13. The U.S. Department of Health and Human Services hosted a webinar and published information to educate states on how they can use Medicaid to reimburse certain community violence intervention programs, like Hospital-Based Violence Interventions. Last year, Connecticut and Illinois enacted legislation that allows Medicaid to reimburse providers for hospital-based violence prevention services – the first two states in the country to pursue this approach. According to reporting by USA Today, “[t]he idea has been in the works for years, advocates say, but not until the Biden administration signaled that states could – and should – use Medicaid dollars to support these violence prevention programs have state lawmakers stepped up.”
14. Senior White House staff established The White House Community Violence Intervention Collaborative, a 16-jurisdiction cohort of mayors, law enforcement, CVI experts, and philanthropic leaders committed to using American Rescue Plan funding or other public funding to increase investment in their community violence intervention infrastructure.
Providing Law Enforcement with the Tools and Resources They Need to Reduce Gun Violence
15. The Justice Department announced $139 million in grants to local law enforcement that will put over 1,000 police officers on the beat through the COPS Office Hiring Program.
16. The Justice Department’s Office on Violence Against Women (OVW) expanded the Domestic Violence Homicide Prevention Firearms Technical Assistance Project (FTAP).

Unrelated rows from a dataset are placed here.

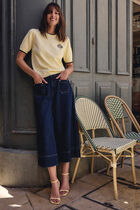 High-waisted shorts blue women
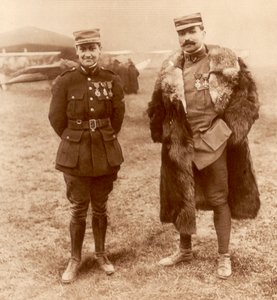 Teğmen Georges Guynemer ve Kaptan Felix Brocard, Fransız savaş pilotları, 5 Şubat 1916 by Unbekannt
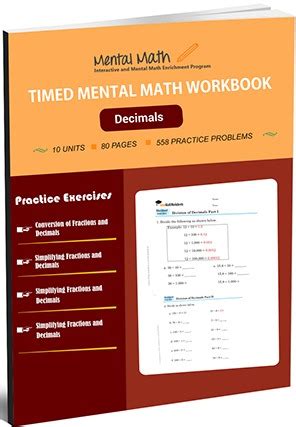 Timed Decimals worksheets - Download and Print Free Samples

Addressing the Root Causes of Gun Violence
17. The Department of Labor awarded $89 million through its YouthBuild program to provide pre-apprenticeship opportunities for young people ages 16-24.
18. The Department of Labor awarded $20 million through its Workforce Pathways for Youth program to expand workforce development activities that serve youth ages 14-21 during “out of school” time (non-school hours).
19. The Department of Labor awarded $85.5 million to help formerly incarcerated adults and young people in 28 communities transition out of the criminal justice system and connect with quality jobs.
20. The Department of Labor awarded $25.5 million in Young Adult Reentry Partnership grants to organizations that will help provide education and training services to young adults between 18-24 who were previously involved with the justice system or who left high school before graduation.
21. The U.S. Department of Health and Human Services (HHS), through the Family Violence Prevention and Services Program, awarded nearly $1 billion in American Rescue Plan (ARP) supplemental funding to support services for survivors of domestic violence and sexual assault and their children.